Any way to `dedupe` identical duplicates using ONLY the md5?

ZeroG · June 2, 2018, 2:36pm

Is there any way to find duplicate files within a tree, based not on their names, but ONLY their size & md5 checksum?

I have lots of duplicates that do not have the same name. As I understand, dedupe uses names first, then compares checksums to find ‘identical duplicates’.

ZeroG · June 2, 2018, 2:48pm

Ha, I realize this was asked this last year:

Any news?

For anyone else who wants this, @ncw suggested on GitHub using this to find dupes based on md5:
rclone md5sum remote:path | sort | uniq -c | sort -n

Hm, actually this only works for duplicate names AND md5. Need to look at JUST the checksum. (Need to look at only the first 32 chars of each line.)

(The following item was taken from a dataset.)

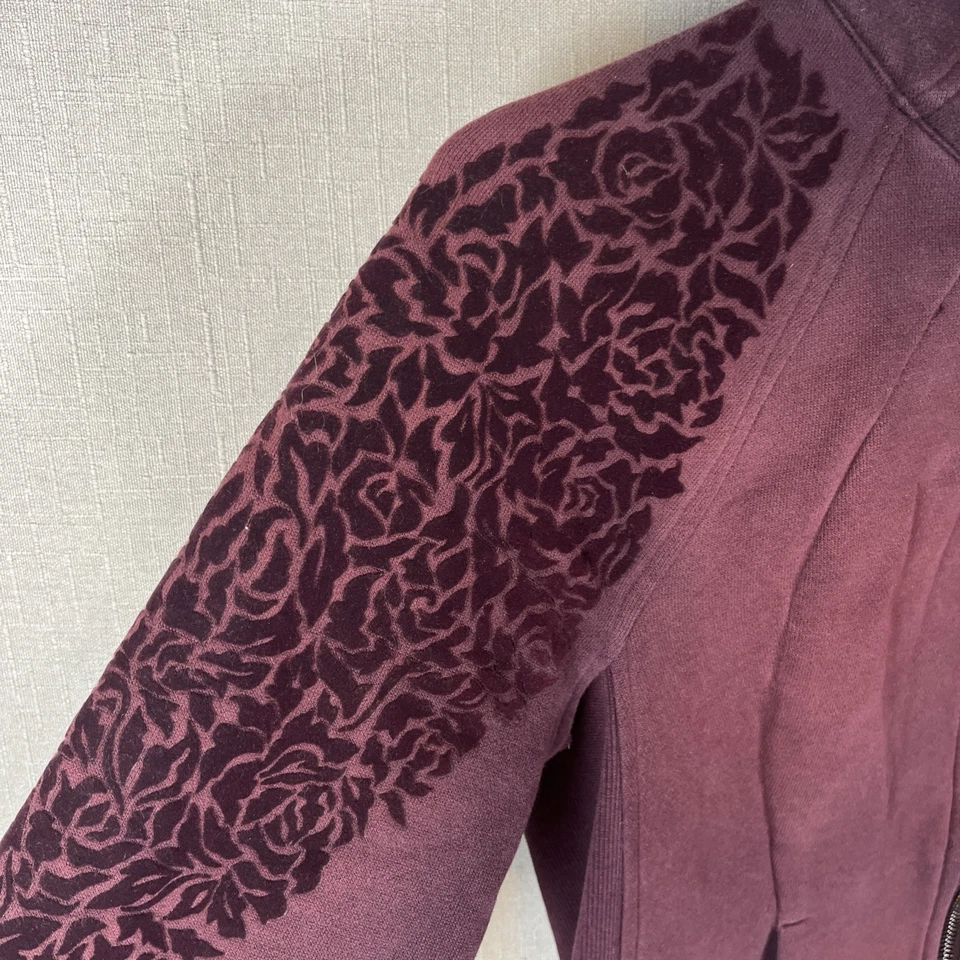 Sudadera con Capucha de Buceo Lululemon Floral Flock Para Mujer Talla 4 Ciruela Púrpura Cremallera Completa Terciopelo Foto 4 de 4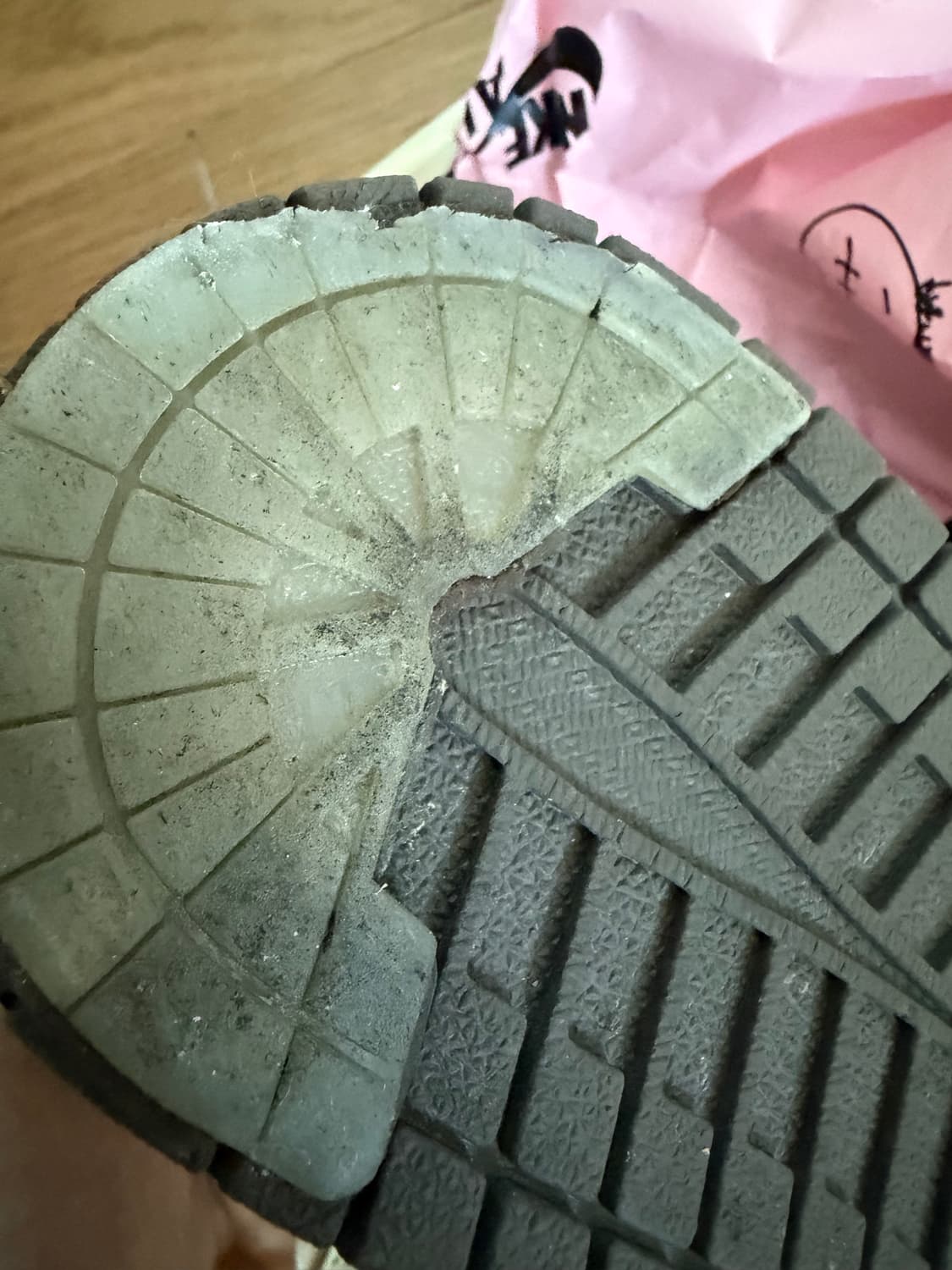 조던 1 x 트래비스 스캇 레트로 로우 OG SP 세일 앤 리저록 상품이미지5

ncw · June 2, 2018, 10:37pm

You can use lsf for this...

rclone lsf -R --format hs --files-only remote:path | sort | uniq -c | grep -v '^ *1'

This will show you all the duplicate hashes/size files

You'll then need to look up which files are duplicated by grepping the hash the output of rclone md5sum remote:path.

That could all be in a little bash script which I haven't got time to write just now but it shouldn't be too hard!